[Instructions to follow]: A complete answer retypes each of the records below precisely and includes none of the pictures.

[Dataset extract]:

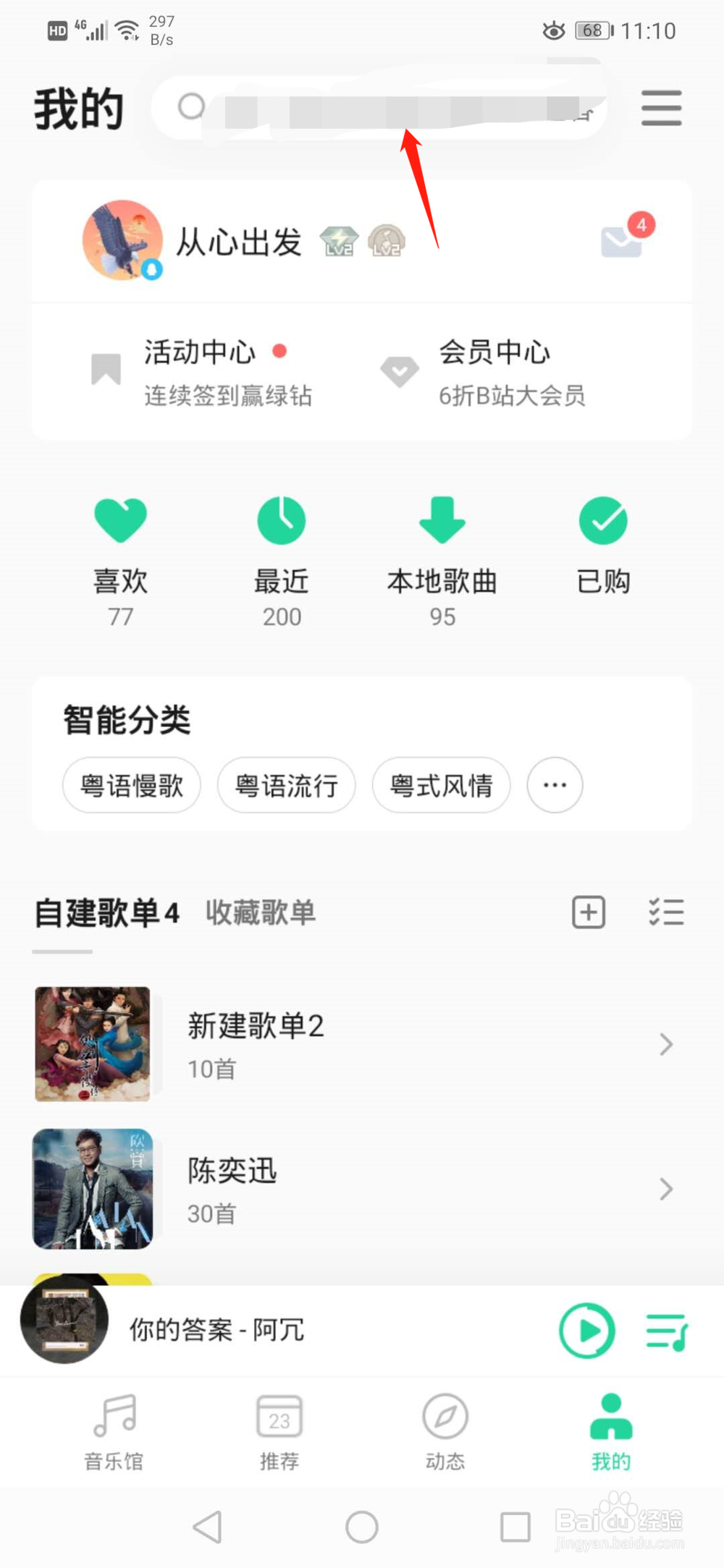 如何播放喜欢的歌曲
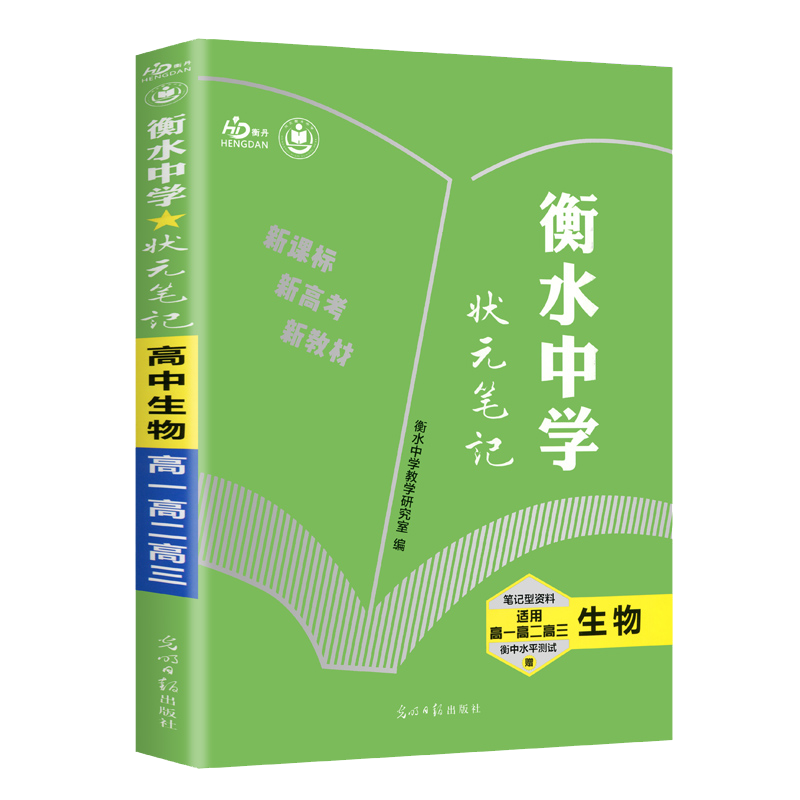 2022状元手写笔记数学衡水中学状元笔记高中数学文科理科高中辅导资料
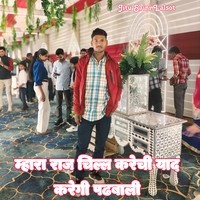 Mahara Raj Chill Karechi Yad Karegi Padhbali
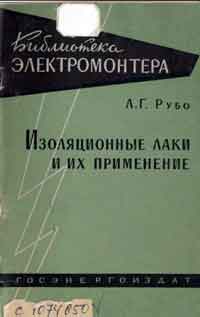 Библиотека электромонтера, выпуск 65. Изоляционные лаки и их примениение — обложка книги.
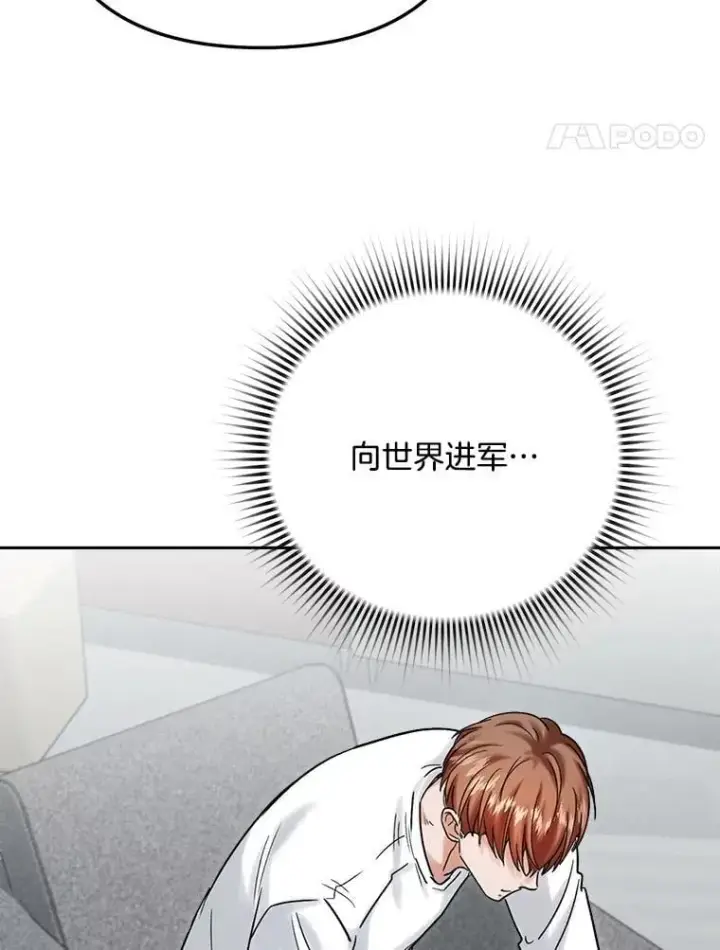 漫画《天生巨星》109.天龙电影节第35张图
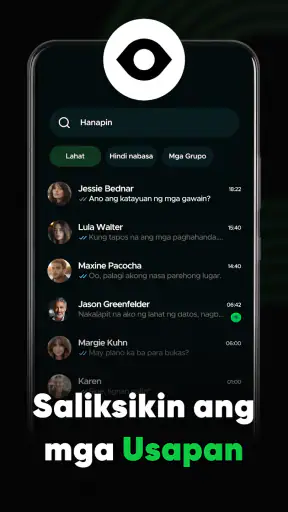 NextLog screenshot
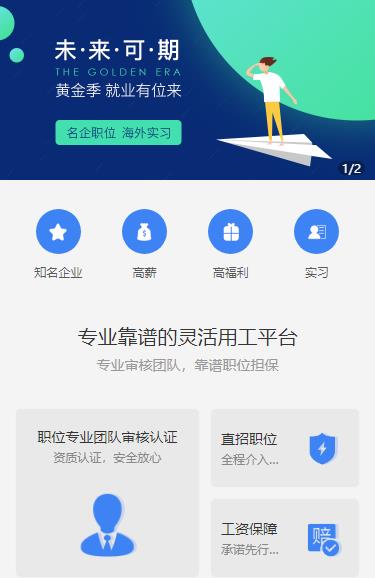 松桃县人力资源服务小程序开发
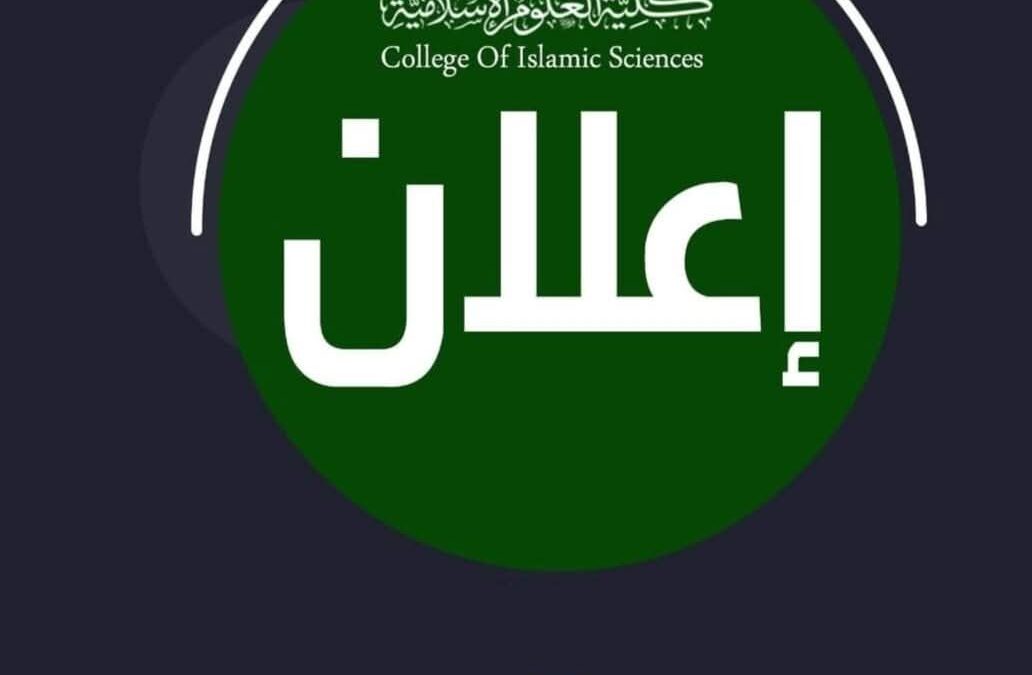 العلوم الإسلامية تُعلن أسماء المقبولين أولياً في الدراسات العليا للعام 2025–2026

[Result]:
 如何播放喜欢的歌曲
 2022状元手写笔记数学衡水中学状元笔记高中数学文科理科高中辅导资料
 Mahara Raj Chill Karechi Yad Karegi Padhbali
 Библиотека электромонтера, выпуск 65. Изоляционные лаки и их примениение — обложка книги.
 漫画《天生巨星》109.天龙电影节第35张图
 NextLog screenshot
 松桃县人力资源服务小程序开发
 العلوم الإسلامية تُعلن أسماء المقبولين أولياً في الدراسات العليا للعام 2025–2026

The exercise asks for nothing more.